Am 7. März griffen um fünf Uhr morgens IS-Kämpfer in der tunesischen Stadt Ben Gardane zeitgleich Kasernen der Polizei, der Nationalgarde und der Armee mit Granatwerfern und Schnellfeuergewehren an. Bei den stundenlangen Kämpfen kamen 28 Dschihadisten, 10 Sicherheitskräfte und 7 Zivilisten ums Leben. Die Kämpfer errichteten Straßensperren und versuchten, die Passanten zu beruhigen: „Der Angriff richtet sich nicht gegen Euch, sondern gegen das Militär und die Polizei.“ Laut Zeugenaussagen waren viele der Männer, die sich zweifellos perfekt in der Stadt auskannten, Einwohner von Ben Gardane[1].

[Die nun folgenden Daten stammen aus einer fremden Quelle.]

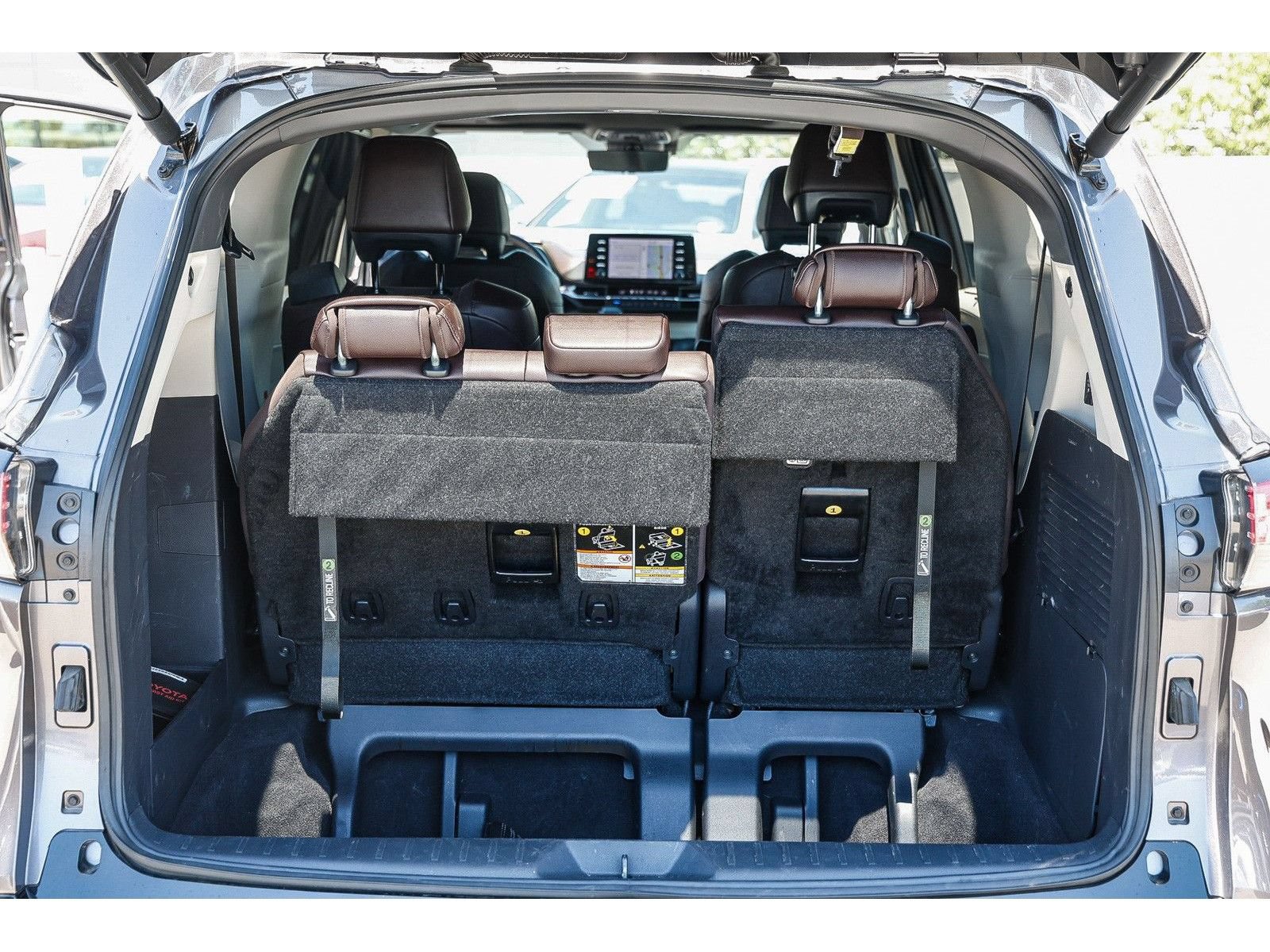 Used 2024 Toyota Sienna Platinum FWD image 26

Die tunesische Armee riegelte daraufhin alle Ausfahrtsstraßen der Stadt ab, ebenso wie die Zufahrt zur nahe gelegenen Urlauberinsel Dscherba, die Grenze zu Libyen wurde komplett geschlossen und eine nächtliche Ausgangssperre von 19 Uhr abends bis 5 Uhr morgens verhängt. Um den Angriff endgültig zurückzuschlagen, benötigte das tunesische Militär mehrere Tage. Noch am 9. März kam es zu Schießereien, bei denen nochmals sieben Dschihadisten getötet wurden. Die Armee hob ein großes Waffenlager mit automatischen Gewehren, Raketenwerfern und Sprengstoff aus.

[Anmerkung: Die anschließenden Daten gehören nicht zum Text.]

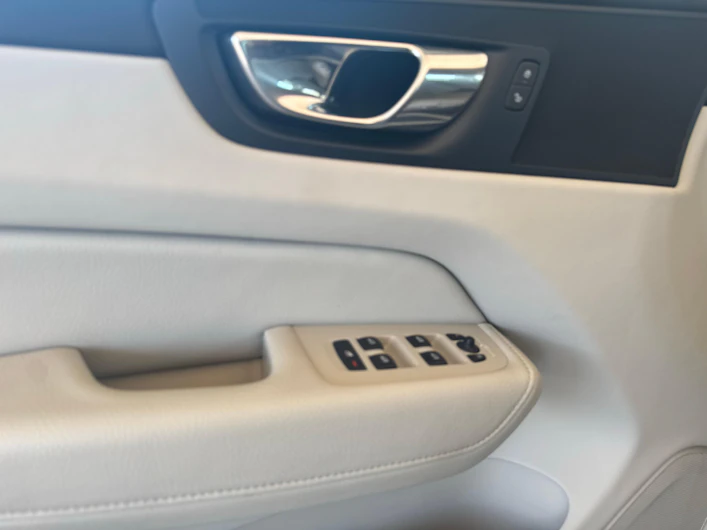 image du véhicule VOLVO XC60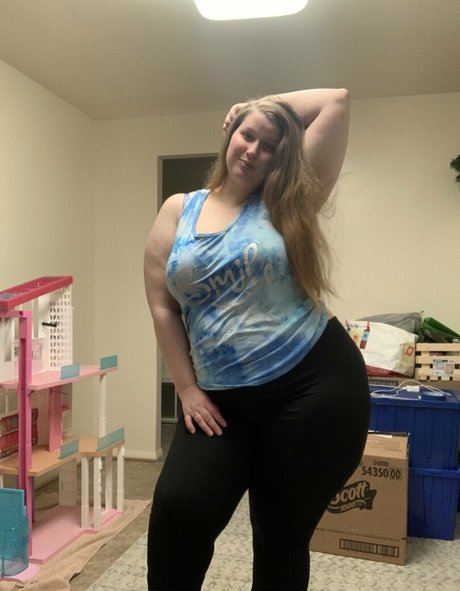 Naakte gelekte OnlyFans-foto van Kountrybumpkin9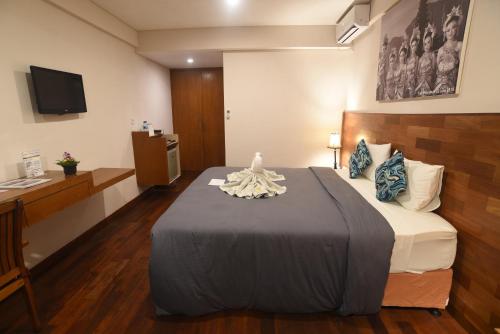 Tempat tidur dalam kamar di PNB Beach Resort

Ein Aktivist twittert: „Das sind traurige Tage. Ein Menschenleben zählt in Tunesien nichts. Die toten Zivilisten werden kaum erwähnt.“
Das Städtchen Ben Gardane liegt nur etwa 30 Kilometer von der Grenzstation Ras Ajdir entfernt. Die Stadt lebte vor dem NATO-Krieg gegen Libyen hauptsächlich vom geduldeten kleinen Schmuggel: Billiger libyscher Sprit und die in Libyen subventionierten Gebrauchsgüter wie Kühlschränke und Fernseher wurden via kleinem Grenzverkehr nach Tunesien eingeführt, zusätzlich verdienten sich etliche Bewohner von Ben Gardane ihren Unterhalt mit illegalen Geldtauschgeschäften. Seit dem Krieg 2011 drängten immer mehr Flüchtlinge über die Grenze nach Tunesien und Ben Gardane entwickelte sich immer mehr zu einer Drehscheibe für terroristische Netzwerke und informelle Geschäfte.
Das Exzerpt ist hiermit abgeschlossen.